The set of photographs of Stanley Palmer showing the artist both working and and in contemplative mode give a real sense of the artist and his processes.
At times some of the photo layouts look a bit Home and Garden with a few too many stacks of brushes, palette knives and posed portraits.
The book follows in a line of books about artists studios such as Alexander Lieberman’s 1960 work “The Artist in His Studio” and the brilliant “{Contemporary New Zealand Artists A – M” by Jim, and Mary Barr with photographs by Marti Friedlander which was published in 1980. These two books feature superb photographs but they are generally of “artists photographed in their studios” while this new book presents “artists at work in their studios”.

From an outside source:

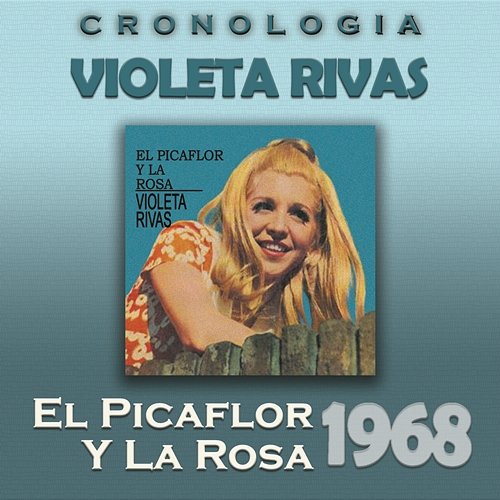 Violeta Rivas Cronología - El Picaflor y la Rosa (1968) Violeta Rivas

It is interesting to note that four of the artists that were in the Barr book are also in this new book (Richard Killeen, Nigel Brown, Jeffrey Harris and Dick Frizzell).
The artists included in “Artists @ Work” are Nigel Brown, Stanley Palmer, Paul Dibble, Jacqueline Fahey, Jeff Thomson, Stephen Bambury, Richard McWhannell, Elizabeth Thomson, Mary McIntyre, Chris Booth, Sara Hughes, John Reynolds, Neil Dawson, Richard Killeen, Martin Poppelwell, Johanna Pegler, Jeffrey Harris, Liz Maw, Karl Maughan, Dick Frizzell, Tracey Tawhiao, Heather Straka and Andrew McLeod, John McLean.